Brother Joseph McNally (10 August 1923 – 27 August 2002), was an Irish brother from the De La Salle Brothers. He was the founder of St Patrick's Arts Centre, now known as LASALLE College of the Arts, in Singapore.

Early life
McNally grew up in County Mayo. He began studying the arts in high school. McNally left his hometown when he was 14 to join the De La Salle Brothers. He completed his novitiate at the De La Salle Retreat in Castletown, and his scholasticate at De La Salle College in Mallow, County Cork. In 1943, after graduating from De La Salle College, McNally taught at the College, where his interest in the arts grew.  He took art classes at the Mallow Technical School in the evenings while teaching in the daytime.

Education career
In 1946, De La Salle College sent McNally to Singapore to teach at the St Joseph's Institution. After his Singapore posting, McNally was sent to St John's Institution in Kuala Lumpur, Malaysia, and taught there briefly.

He returned to Ireland in 1951, enrolling in the Irish National College of Art. He graduated in 1954, and had his first solo exhibition that same year, at the Brown Thomas Gallery in Dublin.
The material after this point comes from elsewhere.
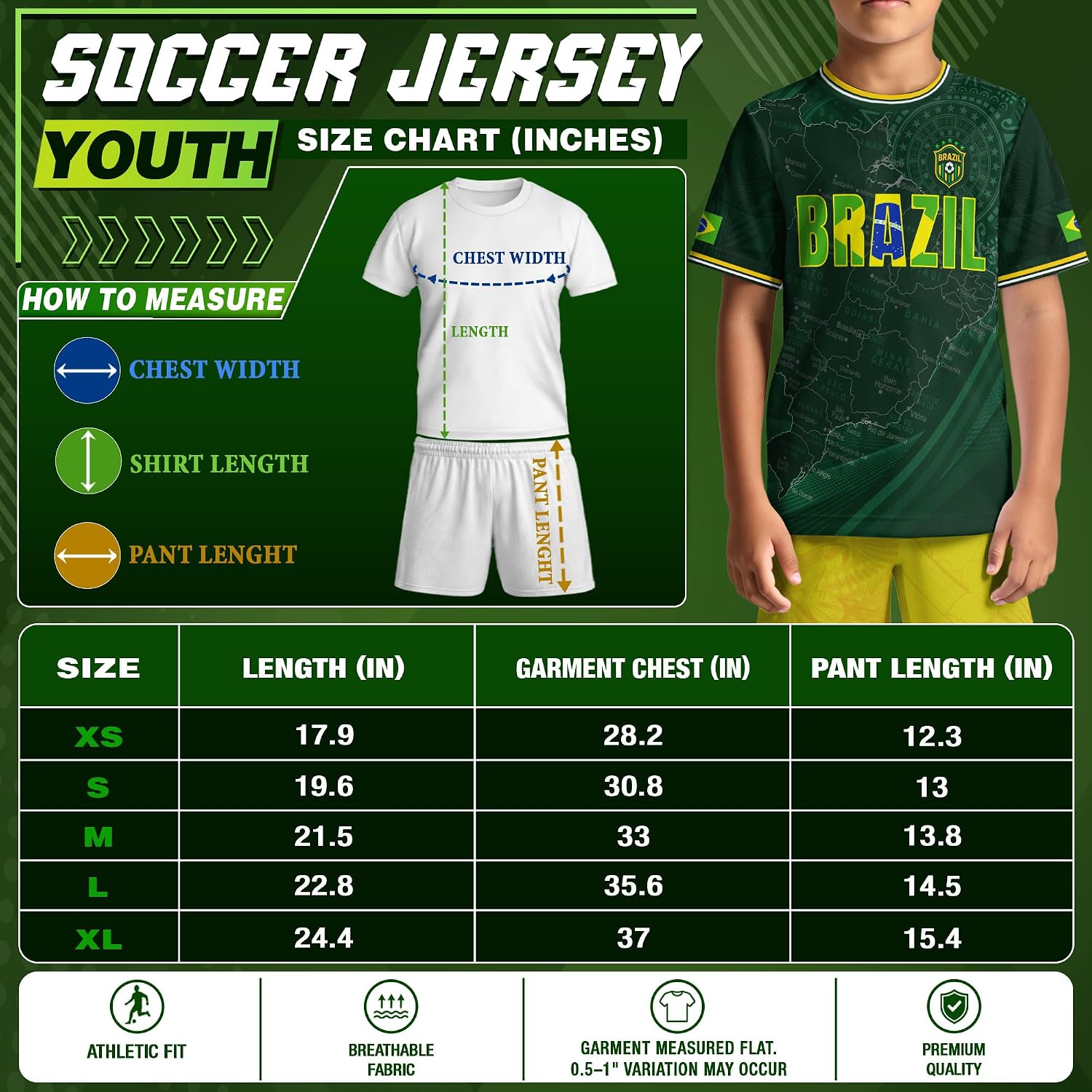 Brazil Soccer Jersey Kids Set, Soccer Jersey for Girls and Boys Set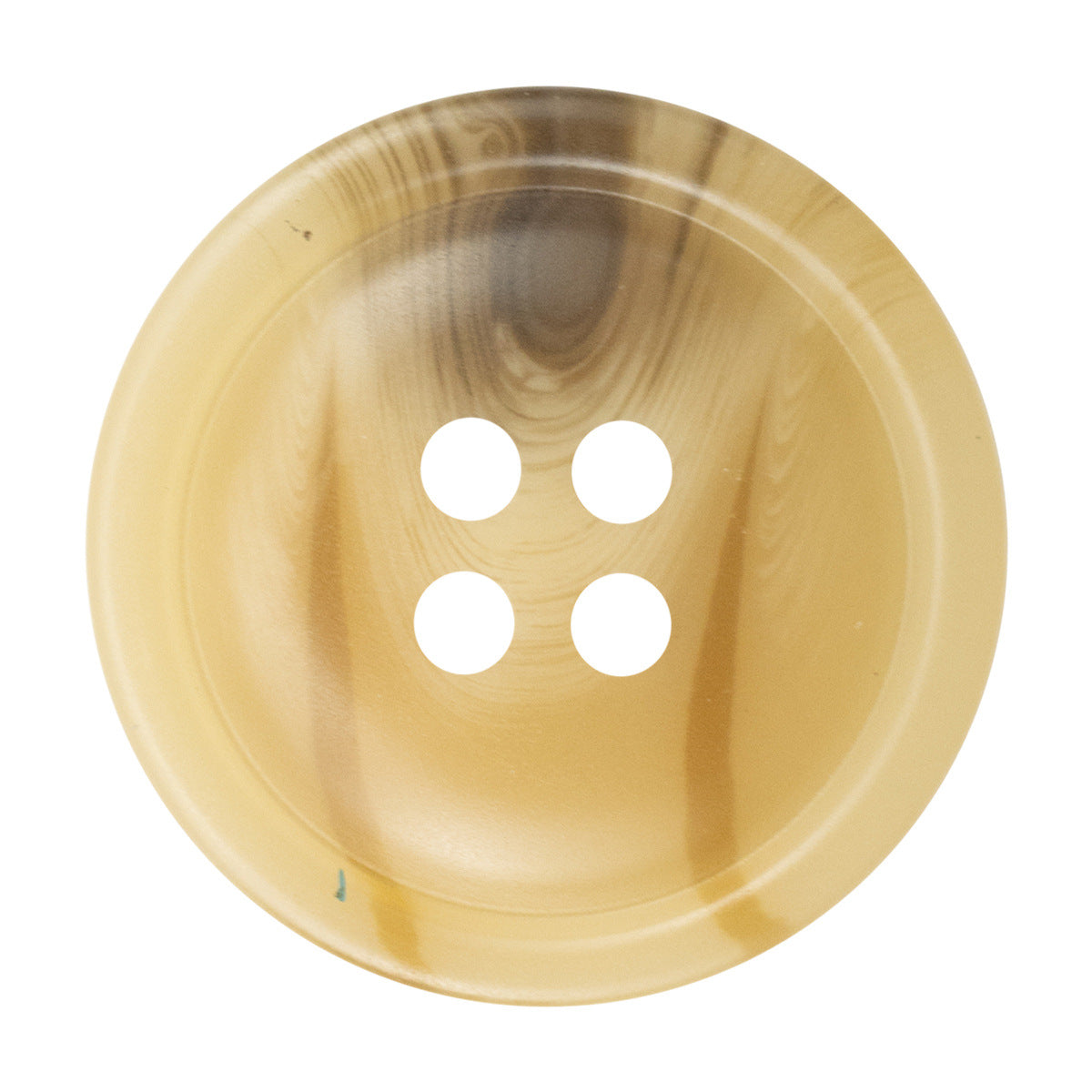 Vintage khaki resin button, round 4-hole, woodgrain pattern, 15–30mm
In 1955, McNally returned to Malaysia to teach at St Paul's Institution in Seremban and later at St Xavier's Institution in Penang. He joined the staff of St Joseph's Training College in Penang in 1958. In 1962, he became the vice-principal of St John's Institution in Kuala Lumpur and in 1963, he was appointed as its principal. In an effort to become close to the local population, McNally became a Malaysian citizen in 1965.

In 1968, McNally went to Columbia University, New York and took up its Master in Arts programme, studying first painting and later sculpture. He returned to Malaysia in 1970 and taught at St Joseph's Training College. He was awarded his PhD in Art Education from Columbia University in 1972.

In 1973, McNally went to Singapore again and taught at St Patrick's School. He became its principal in 1975 and retired in 1982.

In 1984, McNally founded the St Patrick's Arts Centre, serving as its president. He retired in 1997, receiving the honorary title of President Emeritus.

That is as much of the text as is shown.